* [Problem requirements] Please print, exactly, only the lines in the entries below from the line that has "SET 3x Foco" through the line that has "Proto J556741B16SGPDP —". Pictures don't go in.

* [Materials provided]

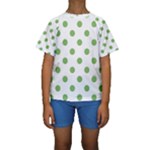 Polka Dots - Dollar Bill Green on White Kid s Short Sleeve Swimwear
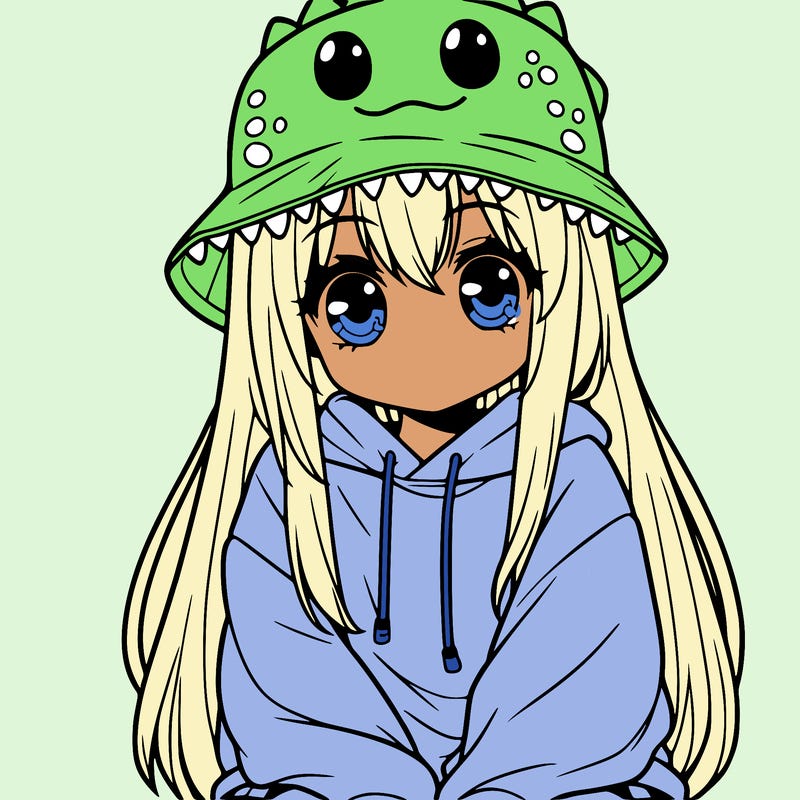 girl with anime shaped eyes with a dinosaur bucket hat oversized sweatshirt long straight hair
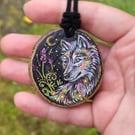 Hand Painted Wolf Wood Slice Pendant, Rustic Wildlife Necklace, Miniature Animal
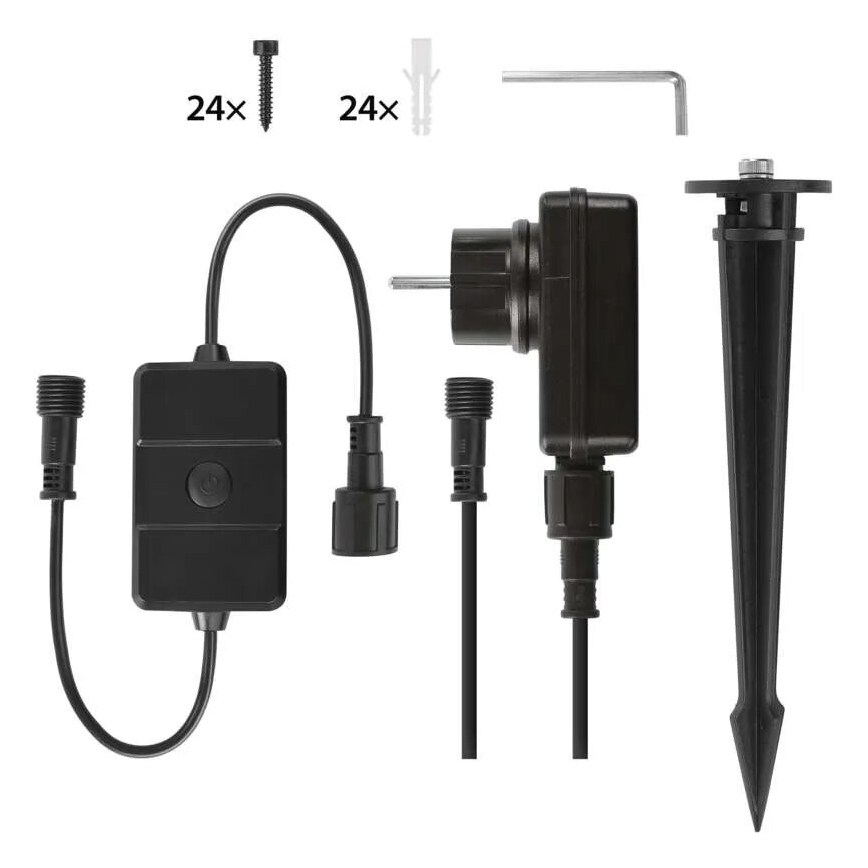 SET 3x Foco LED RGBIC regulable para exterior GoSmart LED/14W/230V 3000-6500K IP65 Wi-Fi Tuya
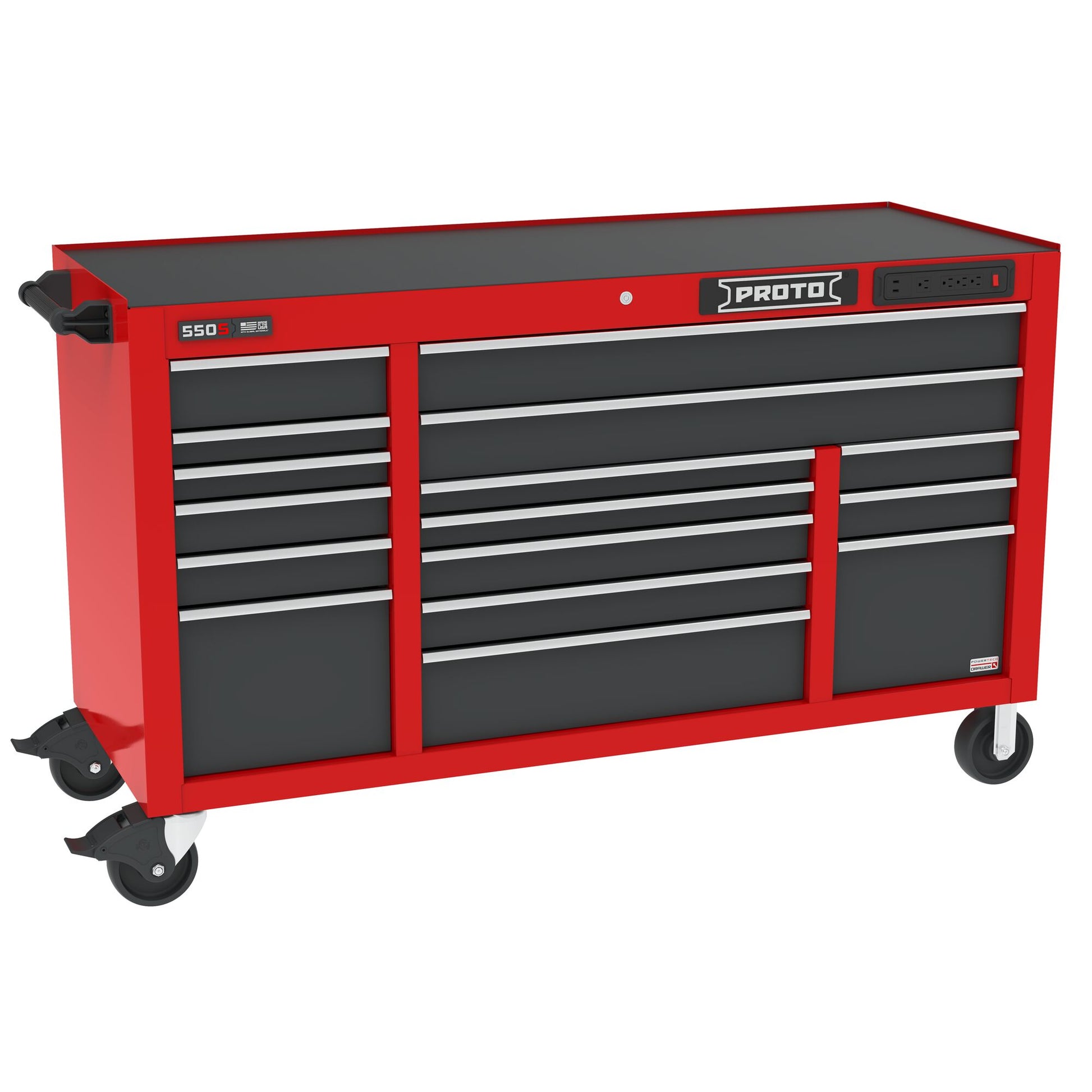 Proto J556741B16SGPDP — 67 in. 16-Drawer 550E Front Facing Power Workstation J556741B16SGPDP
---
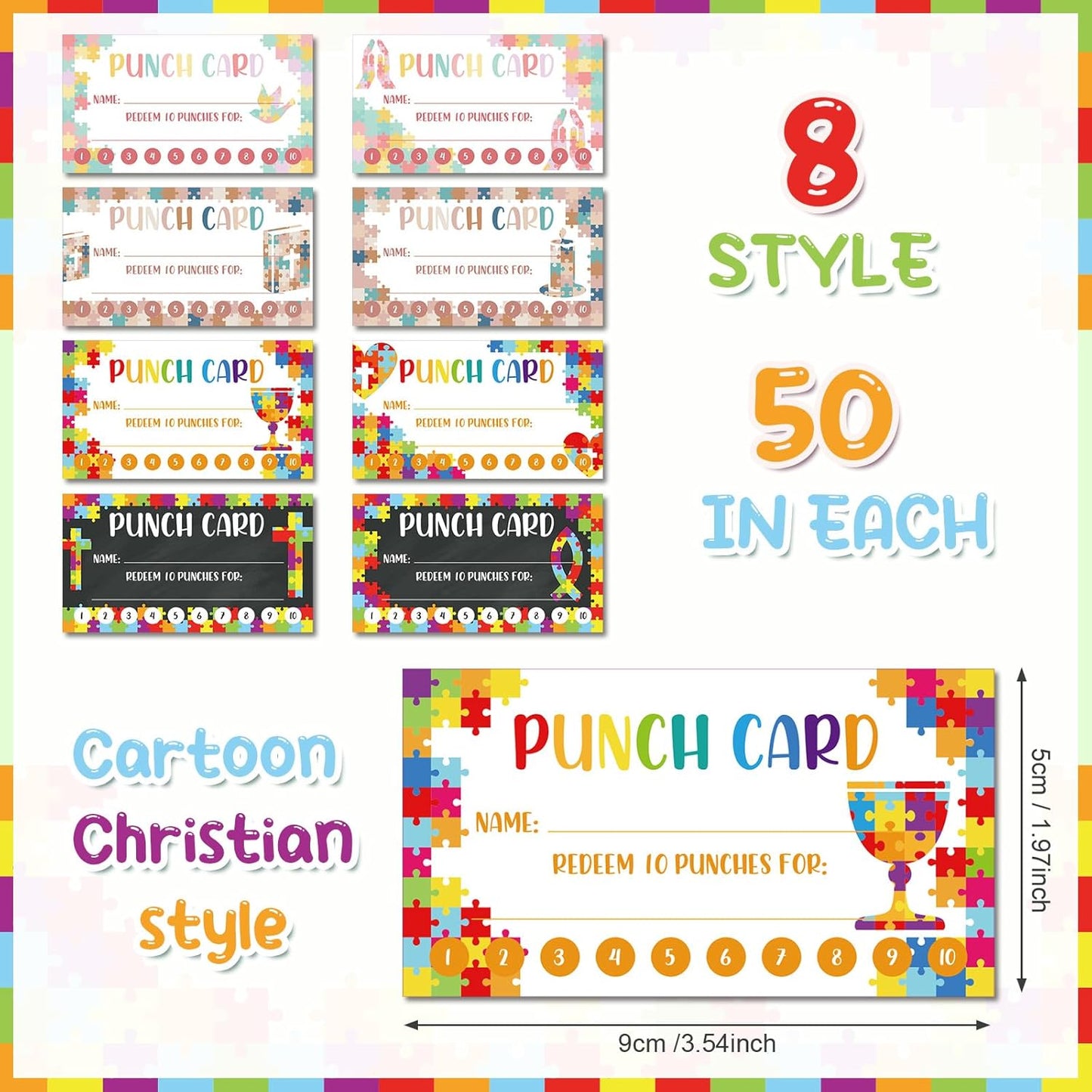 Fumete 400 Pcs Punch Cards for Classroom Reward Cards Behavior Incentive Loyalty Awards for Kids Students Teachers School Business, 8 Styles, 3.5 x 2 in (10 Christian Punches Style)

* [Output for this task]
 SET 3x Foco LED RGBIC regulable para exterior GoSmart LED/14W/230V 3000-6500K IP65 Wi-Fi Tuya
 Proto J556741B16SGPDP — 67 in. 16-Drawer 550E Front Facing Power Workstation J556741B16SGPDP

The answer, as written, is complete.